For almost a decade this South Auckland business - AvSpecs - has been the restoration site for old planes sent from all over the world because of the expertise found here. Right now it is the recovery room of, among others, a de Havilland Mosquito, an all-wood World War II plane found in a swamp in Russia and shipped to Ardmore to be restored for a client in Virginia Beach in the United States.

"Yep, she's super rare," says AvSpecs owner Warren Denholm taking a look under the plane's bomb-bay.

"There are none flying in the world, this'll be the first," he says of the plan for her take-off next year, seven years since restoration began.

Denholm's AvSpecs has become the go-to site for wealthy vintage aircraft enthusiasts. Its praises are sung by warplane collectors and fliers worldwide.

In the October issue of Flypast magazine Matt Nightingale, leader of a team reassembling a Curtiss P-40C Tomahawk at California's Planes of Fames Museum, described the restoration work done on the plane by AvSpecs as  "glorious, and one of the best I have seen on any aircraft."


Although restoring old planes may seem a strange speciality for a country better known for its boatbuilding, Mr Denholm and his staff of 14 have cemented themselves as an international award-winning team.

"During World War II there were lots of left-over parts here in New Zealand which meant a lot of people were coming here for parts. Through the favourable exchange rate, especially in the 90s, we were able to convince them to rebuild here too. Many of them have multiple aeroplanes.

"Those first few jobs established our reputation. It's a lot of word of mouth," says Mr Denholm who, like most of his staff, has a background in aircraft engineering.

He joined the Air Force from school, starting at the Woodbourne base in Blenheim, but lasted only a year because the job didn't suit him.

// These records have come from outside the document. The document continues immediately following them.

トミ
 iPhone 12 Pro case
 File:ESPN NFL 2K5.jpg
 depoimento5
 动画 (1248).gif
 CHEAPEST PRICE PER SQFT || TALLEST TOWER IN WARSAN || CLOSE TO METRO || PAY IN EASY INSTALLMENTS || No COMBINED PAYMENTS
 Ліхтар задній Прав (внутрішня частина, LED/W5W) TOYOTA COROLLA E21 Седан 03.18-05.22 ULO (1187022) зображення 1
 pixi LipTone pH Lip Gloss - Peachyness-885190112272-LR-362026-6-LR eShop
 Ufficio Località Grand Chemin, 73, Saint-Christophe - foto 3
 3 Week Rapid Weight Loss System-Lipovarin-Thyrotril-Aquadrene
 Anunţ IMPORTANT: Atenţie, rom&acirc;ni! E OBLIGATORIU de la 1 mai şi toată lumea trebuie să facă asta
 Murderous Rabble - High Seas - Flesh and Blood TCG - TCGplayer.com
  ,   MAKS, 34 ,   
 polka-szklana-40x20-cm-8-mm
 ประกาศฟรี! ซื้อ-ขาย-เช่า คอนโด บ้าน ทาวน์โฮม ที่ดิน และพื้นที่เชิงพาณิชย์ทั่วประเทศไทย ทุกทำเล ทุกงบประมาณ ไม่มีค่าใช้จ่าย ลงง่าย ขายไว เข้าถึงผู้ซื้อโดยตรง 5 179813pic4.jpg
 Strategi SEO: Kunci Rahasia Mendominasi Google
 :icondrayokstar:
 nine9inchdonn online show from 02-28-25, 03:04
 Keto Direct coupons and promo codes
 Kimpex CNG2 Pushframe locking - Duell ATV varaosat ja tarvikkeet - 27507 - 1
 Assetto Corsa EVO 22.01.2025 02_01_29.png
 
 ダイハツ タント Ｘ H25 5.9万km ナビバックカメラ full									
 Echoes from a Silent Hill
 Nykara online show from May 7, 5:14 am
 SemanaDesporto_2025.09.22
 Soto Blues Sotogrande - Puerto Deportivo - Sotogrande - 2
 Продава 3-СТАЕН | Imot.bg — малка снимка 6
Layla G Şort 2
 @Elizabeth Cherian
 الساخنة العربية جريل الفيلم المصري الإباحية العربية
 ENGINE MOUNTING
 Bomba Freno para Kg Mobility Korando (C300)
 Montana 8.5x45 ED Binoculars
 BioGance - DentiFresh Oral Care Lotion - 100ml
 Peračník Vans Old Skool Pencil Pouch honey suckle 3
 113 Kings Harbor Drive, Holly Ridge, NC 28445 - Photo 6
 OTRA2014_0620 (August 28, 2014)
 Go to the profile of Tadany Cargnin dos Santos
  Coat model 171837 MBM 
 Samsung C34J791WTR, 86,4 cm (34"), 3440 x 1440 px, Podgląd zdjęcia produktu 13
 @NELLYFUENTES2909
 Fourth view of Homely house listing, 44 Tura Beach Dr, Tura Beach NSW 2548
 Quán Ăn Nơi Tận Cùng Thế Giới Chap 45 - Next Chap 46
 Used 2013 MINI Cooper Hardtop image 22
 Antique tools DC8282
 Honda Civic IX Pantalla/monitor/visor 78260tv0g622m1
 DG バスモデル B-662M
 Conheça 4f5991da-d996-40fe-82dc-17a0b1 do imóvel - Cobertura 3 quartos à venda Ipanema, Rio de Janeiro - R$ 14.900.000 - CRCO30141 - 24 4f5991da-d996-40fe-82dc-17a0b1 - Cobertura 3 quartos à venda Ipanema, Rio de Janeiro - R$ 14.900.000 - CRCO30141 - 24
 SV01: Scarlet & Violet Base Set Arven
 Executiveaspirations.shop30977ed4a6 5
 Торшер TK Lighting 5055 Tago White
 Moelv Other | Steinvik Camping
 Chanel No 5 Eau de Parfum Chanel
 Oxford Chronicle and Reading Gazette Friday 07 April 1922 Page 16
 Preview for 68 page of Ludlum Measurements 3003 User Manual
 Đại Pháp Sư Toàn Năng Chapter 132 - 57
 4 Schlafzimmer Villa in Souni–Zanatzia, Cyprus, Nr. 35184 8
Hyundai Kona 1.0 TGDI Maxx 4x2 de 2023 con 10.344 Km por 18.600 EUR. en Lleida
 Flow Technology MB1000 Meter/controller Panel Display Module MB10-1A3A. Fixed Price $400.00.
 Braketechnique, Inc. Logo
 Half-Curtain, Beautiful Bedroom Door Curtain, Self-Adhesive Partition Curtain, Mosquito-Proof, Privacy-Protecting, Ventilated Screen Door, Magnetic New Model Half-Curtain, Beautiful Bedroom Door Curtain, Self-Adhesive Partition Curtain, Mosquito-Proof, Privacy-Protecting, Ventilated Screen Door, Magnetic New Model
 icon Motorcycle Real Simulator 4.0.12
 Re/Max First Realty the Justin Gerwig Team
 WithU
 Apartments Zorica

"I left and got a job looking after scenic flight planes. Then I came to Auckland from Rotorua and started working on what was the first warbird, the first major plane owned by an Auckland syndicate.

"It's a very small group who are mostly fascinated by World War II planes. Even today those planes provide performance that you can't get anywhere else," he says.

So how much would it cost to bring a warbird back to its former glory?

"Oh, we're very reasonable," says Mr Denholm, grinning before divulging that it's between US$1.5 million ($1.9 million) to US$3 million.

And the global recession doesn't have much of an impact on his clients.

"Everybody should have an oil baron on their books. It helps when your best clients are oil tycoons and oil is selling at more than $50 a barrel."

While planes find their way into the AvSpecs hanger from some odd places - like a Spitfire from an English museum that had its wings sawn off because it wouldn't fit the space - Mr Denholm says finding the parts and original plans for the planes can be a challenge, too.

"They can be hard to track down. We'll find them in old libraries and museums around the world. We had a guy in Thailand get in touch recently because he had an old engine and wanted to sell it."

But the work isn't limited to rich overseas warplane collectors. Celebrity chef Simon Gault had his 51 Thunder Mustang - a replica warplane - built at AvSpecs six years ago as well, with a $1m price tag.

Mr Denholm says the public are always interested in the projects undertaken at his business and the site gets plenty of visitors.

"We try to discourage guys from getting in and making engine noises and spitting all over the cockpit, though," he says.

But they always welcome families with a connection to someone who may have flown a particular plane, or the original pilots themselves.

"I try to get videos of them telling me what it was like. Some of them can be very quiet about it because they were affected by it. Others are more like petrolheads.

"But we do try to get the story of what it was like for these guys. Many of them were only 18 or 19 years old when they flew."

The restored planes are often taken to shows and have been used in films for the likes of Sir Peter Jackson, who is a vintage plane enthusiast. "But he's a World War I guy, whereas we tend to concentrate on World War II," Mr Denholm says.

He shows a photo of himself and Jackson in the director's Wellington hangar. "He has all these amazing old photos of guys with their handlebar moustaches, a cigar, a dog and their plane crashed in the field behind them."

Wrecks that might, one day, find their way to a workshop in Ardmore.